Amnesty International reported that by April 2023, more than 100 people had been killed and over 600 injured, including civilians, in the clashes.

The battle culminated on 25 August 2023 when SSC forces stormed the Gooja’ade (Goojacade) military base outside Las Anod, forcing a retreat of Somaliland's remaining units.

==Withdrawal==
On 25 August 2023, Somaliland forces withdrew from their defensive positions around Las Anod, including the key Gooja’ade base. The retreat was confirmed by multiple reports, which described the pullout as a major turning point in the conflict.

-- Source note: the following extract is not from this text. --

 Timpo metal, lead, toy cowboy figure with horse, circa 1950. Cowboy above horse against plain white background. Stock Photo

The withdrawal left the SSC-Khatumo forces in full control of Las Anod and surrounding areas, consolidating their authority in the Sool region.

== Aftermath ==
Following the loss of Gooja’ade, Somaliland troops fully withdrew from Las Anod and surrounding areas, leaving the city under SSC-Khatumo control.

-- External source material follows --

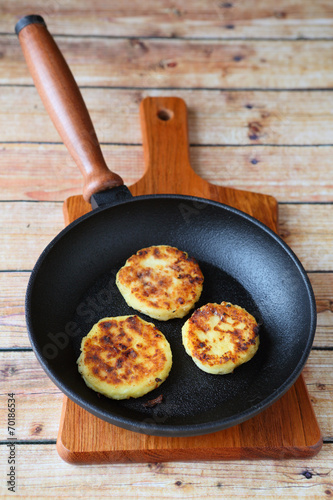 three pancakes in a frying pan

The conflict displaced more than 200,000 civilians, creating a humanitarian emergency across Sool and neighboring regions.

Politically, the loss of Las Anod was seen as a major setback for Somaliland, undermining its territorial claims in eastern regions and strengthening SSC-Khatumo's position. Analysts noted that the events marked one of the most serious challenges to Somaliland's authority since its self-declared independence in 1991.